ADR-0955: Fix two latent bugs in upstream-mirror compat/python-vmaf/ (scanf width handling + ProcessRunner locale forcing)¶
- Status: Accepted
- Date: 2026-05-31
- Deciders: @Lusoris
- Tags: python-harness, upstream-mirror, fix, locale, scanf
Context¶
The upstream-mirror tree compat/python-vmaf/ carries two latent bugs inherited from Netflix/vmaf that the fork's tooling tripped over. PR #454 (Python harness coverage push) surfaced both during scaffolding.
Bug 1 — tools/scanf.py::makeFormattedHandler.applyWidth. The width guard was inverted:
def applyWidth(handler):
if width is None: # WRONG branch
return makeWidthLimitedHandler(handler, width, ignoreWhitespace=True)
return handler
For implicit-width converters (%d, %f, %s, %x), this passed width=None into makeWidthLimitedHandler → CappedBuffer(buffer, None, ...), which detonated with TypeError: '<' not supported between instances of 'int' and 'NoneType' on the first byte read. For explicit-width converters (%5d), the cap was silently dropped — %5d read an unbounded run of digits. Manual verification with the pre-fix tree reproduces both symptoms.
Bug 2 — __init__.py::ProcessRunner.run. Locale forcing used env.setdefault("LC_ALL", "C") / env.setdefault("LANG", "C"). setdefault is a no-op when the key already exists, so on hosts with LANG=de_DE.UTF-8 (this developer's primary box) the override never took effect — subprocess error messages came back as "Kommando nicht gefunden" instead of "command not found", and downstream test assertions that grep for canonical English phrases failed in confusing ways.

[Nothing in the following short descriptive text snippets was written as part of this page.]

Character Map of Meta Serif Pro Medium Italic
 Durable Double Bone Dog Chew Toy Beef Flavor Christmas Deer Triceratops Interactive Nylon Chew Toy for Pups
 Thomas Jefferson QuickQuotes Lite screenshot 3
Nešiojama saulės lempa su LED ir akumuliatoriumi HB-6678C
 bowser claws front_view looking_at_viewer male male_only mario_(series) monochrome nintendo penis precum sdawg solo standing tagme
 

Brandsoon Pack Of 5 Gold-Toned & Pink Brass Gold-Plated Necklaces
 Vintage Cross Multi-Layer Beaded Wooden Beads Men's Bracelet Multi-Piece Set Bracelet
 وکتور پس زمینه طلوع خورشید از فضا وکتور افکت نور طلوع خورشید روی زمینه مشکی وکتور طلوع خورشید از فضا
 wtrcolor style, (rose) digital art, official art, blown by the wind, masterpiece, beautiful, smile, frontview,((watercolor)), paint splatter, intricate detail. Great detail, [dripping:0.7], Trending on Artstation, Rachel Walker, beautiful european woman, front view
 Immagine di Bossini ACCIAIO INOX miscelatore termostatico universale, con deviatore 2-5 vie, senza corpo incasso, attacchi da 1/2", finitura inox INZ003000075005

The fix is unconditional assignment.
Both files live under compat/python-vmaf/ — the upstream-mirror tree — so the fix has to be carried as a fork delta with a rebase note that future Netflix syncs preserve it.
Decision¶
Apply both fixes in-place in compat/python-vmaf/, ship regression tests under python/test/python_harness_scanf_locale_bugs_test.py (separate file from PR #454's python_harness_coverage_test.py to avoid merge conflicts), and document the fork delta in docs/rebase-notes.md so a future upstream sync that touches either file preserves the bug fixes.
Alternatives considered¶
| Option | Pros | Cons | Why not chosen |
|---|---|---|---|
| Fix in-place + rebase note (chosen) | Bug stays fixed; clear paper trail; standard fork-delta pattern | Adds a rebase-impact entry | The bugs are real and reproducible; carrying them is worse than the rebase cost |
| Wait for upstream fix | Zero fork delta | Bug 1 has been latent in upstream for years (no PR open); Bug 2 only matters on non-C-locale hosts (Netflix CI is English) — upstream is unlikely to prioritise | Both bugs actively break this fork's tooling today |
Wrap scanf/ProcessRunner in a fork-local shim | No upstream-mirror edit | Doubles the surface area; the shim has to be kept in sync with upstream changes; defeats the point of having compat/ mirror upstream | The fix is 4 lines per file; a shim is more code to maintain |
Fold the test into python_harness_coverage_test.py (PR #454) | One coverage file | Creates a merge conflict with an in-flight PR; couples unrelated work | Keeping separate files makes both PRs cleanly mergeable in any order |
Consequences¶
- Positive: Implicit-width
%d/%f/%s/%xinscanf.sscanfnow works; explicit-width caps are honoured; subprocess error messages fromProcessRunnerare uniformly English regardless of host locale. - Negative: Adds two fork-deltas against upstream Netflix/vmaf in files that future upstream syncs may touch. Mitigated by the rebase note (
docs/rebase-notes.md) and the AGENTS.md invariant pointer. - Neutral / follow-ups: When porting an upstream commit that re-touches
compat/python-vmaf/tools/scanf.py::applyWidthorcompat/python-vmaf/__init__.py::ProcessRunner.run, verify the fork's fixes are preserved or that upstream has independently adopted equivalent fixes.
References¶
- PR #454 — Python harness coverage push (surfaced both bugs).
compat/python-vmaf/tools/scanf.py:638-664—makeFormattedHandler.compat/python-vmaf/__init__.py:46-65—ProcessRunner.run.docs/rebase-notes.md— fork-delta ledger for upstream syncs.- Source:
req— user-flagged latent bugs in PR #454 follow-up.